Le yuan et les actions chinoises, déjà pénalisés par le ralentissement de l'économie domestique, pourraient en souffrir.

2/ Leçon d'histoire

L'histoire prédit que les actions américaines afficheront une performance positive cette année, quel que soit le vainqueur.

Pour autant, les marchés pourraient être volatils, d'autant qu'un Congrès polarisé pourrait empêcher le futur président de faire adopter son programme.

Joe Biden devrait continuer à mettre l'accent sur les énergies renouvelables, tandis que Donald Trump est susceptible de supprimer les subventions aux véhicules électriques et de prolonger des baisses d'impôts.

Si Donald Trump applique son programme de manière agressive, cela "pourrait affaiblir le dollar, augmenter l'inflation et entraîner une hausse des rendements obligataires, donc une baisse des investissements", prévient Joseph Kalish, stratège macroéconomique en chef chez Ned Davis Research.

Les marchés des devises semblent déjà s'attendre à une plus grande volatilité, le volume des options euro/dollar expirant le lendemain de l'élection étant presque quatre fois plus élevé que d'habitude, selon Société Générale.

3/ Paris sur la défense

La réélection de Donald Trump pourrait encourager l'Europe à renforcer ses capacités militaires, ce qui pourrait soutenir le secteur de la défense dont la valeur boursière a doublé depuis trois ans.

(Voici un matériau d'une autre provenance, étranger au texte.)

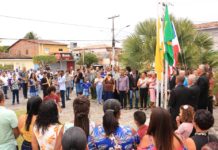Prefeitura realiza hasteamento de bandeiras em comemoração ao 7 de setembro: SALINAS DA MARGARIDA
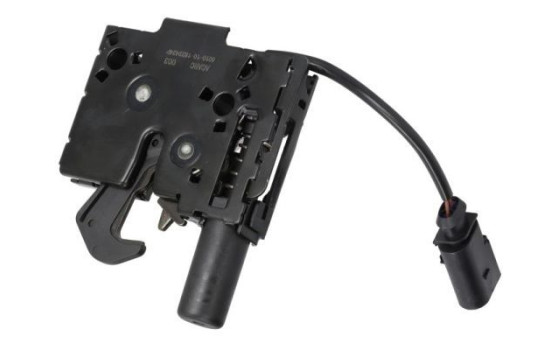 Bonnet lock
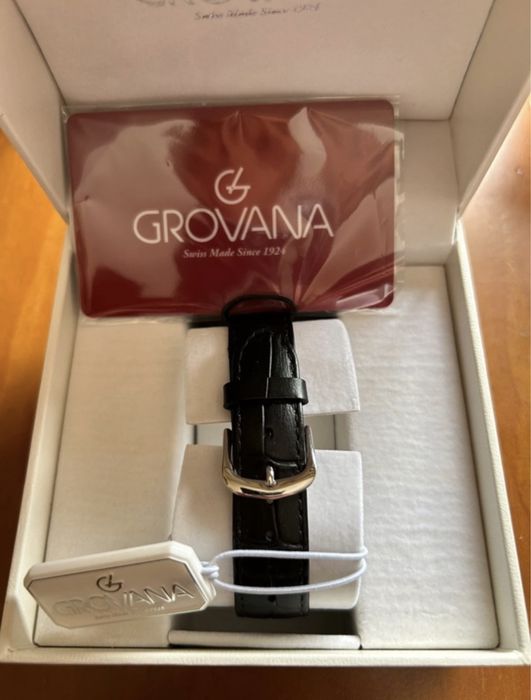 Relógio Suíço Grovana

Pour la première fois depuis la fin de la guerre froide, l'Allemagne a atteint l'objectif de dépenses liées à la défense de 2% du PIB, une cible fixée par l'Otan. D'autres pays sont proches de l'objectif, mais cela pourrait ne pas suffire.

Donald Trump a laissé entendre qu'il ne défendrait pas les alliés des Etats-Unis qui ne dépensent pas suffisamment pour leur défense, et qu'il encouragerait même la Russie à les attaquer.

"Dans une large mesure, le mal a été fait et l'hypothèse d'une aide américaine n'est plus certaine", constate Nick Cunningham, analyste chez Agency Partners.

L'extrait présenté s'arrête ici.